High school life was fine—I know how to carry on basic conversations around food and what we were eating for dinner, time and days of the week I needed to be picked up, simple things like my emotions and the weather and things I did at school. But adult life? I’m not able to share the nuances of my job and what I do for 40 hours a week. I don’t have any language at all to talk about politics. Some of the words I use to explain my faith and my experiences trying to participate in church life and follow God sound hopelessly naive or hollow. Even talking about an upcoming wedding is painful when I don’t know the words to basic relational terms. Conversations are derailed by abrupt tangents to ask, “how do you say this in Chinese again?” Emotions are heightened as frustration builds, a frustration not even about the topic at hand or of differing opinions, but from simply not being understood.
It takes a lot of energy to respond to someone who is completely misinterpreting what you’re saying. Continuing the conversation is like photocopying an image over and over again—the image only gets blurrier as time goes on until you lose all resolution of what you’re actually trying to communicate.
It’s sad to me. I have the intention to connect and share with my parents, but the extra friction of not having the right words, frustrations arising out of miscommunications, makes it a lot harder to find those conversations where we are both on the same wavelength. It’s not even just the language barrier, too. There are so many other dimensions in which meaning gets lost: generational differences, pop culture references, manner of speaking and living, different outlooks and life stages.

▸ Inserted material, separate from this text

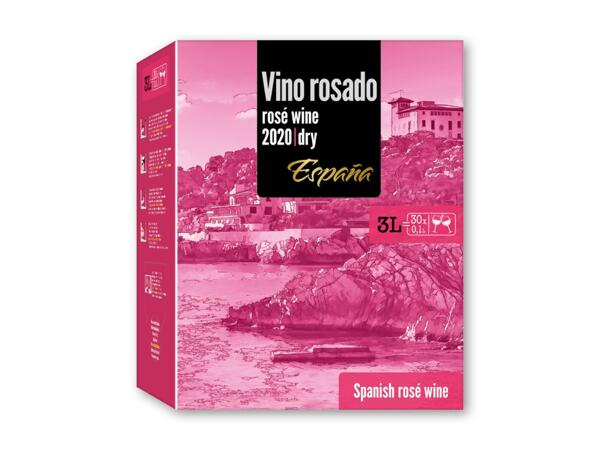 Tempranillo Cabernet Sauvignon eller spansk rosé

We are learning what it means to adjust our relationship from a strictly parent-child relationship to a more adult to adult one. We are learning what it means to love each other in our different respective love languages (practical needs vs. emotional support, for example, or empathy vs. advice). We are respecting each other’s needs and still trying to make each other a priority in a distancing relationship. The intent is there, but the gap in between us is not always easy to traverse.